• _Source material_
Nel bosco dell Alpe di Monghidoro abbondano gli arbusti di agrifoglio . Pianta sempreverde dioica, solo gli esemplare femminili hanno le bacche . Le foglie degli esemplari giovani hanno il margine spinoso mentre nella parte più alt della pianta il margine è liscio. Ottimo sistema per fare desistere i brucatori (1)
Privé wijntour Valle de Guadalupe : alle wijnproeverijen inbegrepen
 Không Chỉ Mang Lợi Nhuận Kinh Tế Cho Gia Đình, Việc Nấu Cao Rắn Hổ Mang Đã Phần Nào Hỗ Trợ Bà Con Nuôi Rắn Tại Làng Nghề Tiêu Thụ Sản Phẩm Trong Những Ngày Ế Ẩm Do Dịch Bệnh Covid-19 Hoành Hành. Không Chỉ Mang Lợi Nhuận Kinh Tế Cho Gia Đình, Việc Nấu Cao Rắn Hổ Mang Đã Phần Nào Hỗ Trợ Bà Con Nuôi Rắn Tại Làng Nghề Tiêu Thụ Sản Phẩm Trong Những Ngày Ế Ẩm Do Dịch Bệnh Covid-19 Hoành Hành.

• _Problem to work on_
Everything from the line containing "Privé wijntour Valle" through the last line above should be set down exactly; include no other lines.

• _Response below_
Privé wijntour Valle de Guadalupe : alle wijnproeverijen inbegrepen
 Không Chỉ Mang Lợi Nhuận Kinh Tế Cho Gia Đình, Việc Nấu Cao Rắn Hổ Mang Đã Phần Nào Hỗ Trợ Bà Con Nuôi Rắn Tại Làng Nghề Tiêu Thụ Sản Phẩm Trong Những Ngày Ế Ẩm Do Dịch Bệnh Covid-19 Hoành Hành. Không Chỉ Mang Lợi Nhuận Kinh Tế Cho Gia Đình, Việc Nấu Cao Rắn Hổ Mang Đã Phần Nào Hỗ Trợ Bà Con Nuôi Rắn Tại Làng Nghề Tiêu Thụ Sản Phẩm Trong Những Ngày Ế Ẩm Do Dịch Bệnh Covid-19 Hoành Hành.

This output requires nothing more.